Why this seems true:
Any planning process which robustly succeeds must behave differently in the presence of different latent problems.
If I’m going to the store and one of two routes may be closed down, and I want to always arrive at the store, my plan must somehow behave differently in the presence of the two possible latent complications (the road which is closed).
A pivotal act requires a complicated plan with lots of possible latent problems.
Any implementing process (like an AI) which robustly enacts a complicated plan (like destroying unaligned AGIs) must somehow behave differently in the presence of many different problems (like the designers trying to shut down the AI).

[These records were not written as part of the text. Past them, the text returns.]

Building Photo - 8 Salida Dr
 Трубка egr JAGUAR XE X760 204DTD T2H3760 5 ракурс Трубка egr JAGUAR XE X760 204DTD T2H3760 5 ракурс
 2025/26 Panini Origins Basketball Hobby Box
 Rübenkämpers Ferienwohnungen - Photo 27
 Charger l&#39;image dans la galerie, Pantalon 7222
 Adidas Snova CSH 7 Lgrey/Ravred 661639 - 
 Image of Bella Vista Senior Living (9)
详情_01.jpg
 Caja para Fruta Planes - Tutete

Thus, robustly pulling off a pivotal act requires some kind of “reasoning about far-reaching consequences” on the latent world state.
Why this seems true:
Any planning process which robustly succeeds must behave differently in the presence of different latent problems.
If I’m going to the store and one of two routes may be closed down, and I want to always arrive at the store, my plan must somehow behave differently in the presence of the two possible latent complications (the road which is closed).
A pivotal act requires a complicated plan with lots of possible latent problems.
Any implementing process (like an AI) which robustly enacts a complicated plan (like destroying unaligned AGIs) must somehow behave differently in the presence of many different problems (like the designers trying to shut down the AI).
Thus, robustly pulling off a pivotal act requires some kind of “reasoning about far-reaching consequences” on the latent world state.
Yep, I agree with that. That’s orthogonal to myopia as I use the term, though.